С тех пор как в России началась эпоха рыночных реформ, их идеологи вновь взялись за отрицание обусловленности развития общества и управления им объективными экономическими и социальными законами. Налицо новая волна субъективизма кантианского и феноменологического толка: объективные законы функционирования и развития общества выносятся за пределы управленческой деятельности, не признаются законами, необходимыми для управления и планирования. Так, автор недавно опубликованной книги по социологии управления А. В. Тихонов, солидаризируясь с Э. Бернштейном в критике марксизма, ставит вместе с последним «очень современный и по сей день вопрос: если обществом управляет непреложная поступь «железных» экономических законов и все происходит независимо от воли человека, то что остается на его долю?» .

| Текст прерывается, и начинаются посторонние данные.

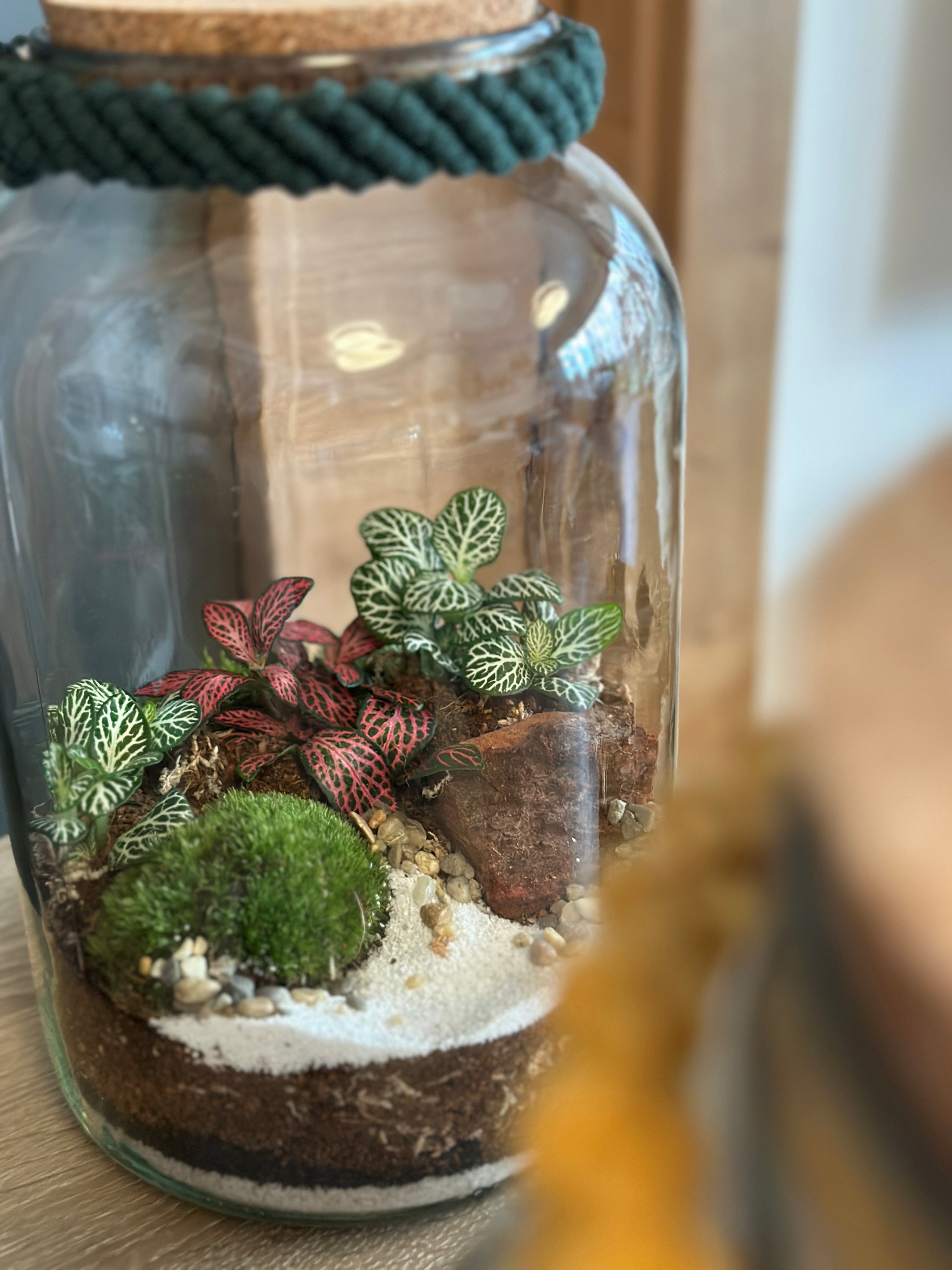 DIY sada terária - Nenita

При такой постановке вопроса, или в случае с «невидимой рукой» А. Смита, ответ для вышеупомянутого автора очевиден: на долю человека вроде бы ничего не остается; там, где есть объективные законы, человеку делать нечего. Нужен, по его мнению, не какой-нибудь «железный» закон, а человек (правда, не всякий, а управленец), который всем управляет (и природой, и экономикой, и обществом, и самим собой). Поэтому автор не испытывает никакой нужды обращаться к объективным общественным, так и природным законам. Более того, с его точки зрения, управляться собственными законами общество не может. Нужен всегда управленец, правитель. Объективные социальные законы и управленческая деятельность человека противопоставляются друг другу как несовместимые способы функционирования общественного организма, составляют необходимую антиномию.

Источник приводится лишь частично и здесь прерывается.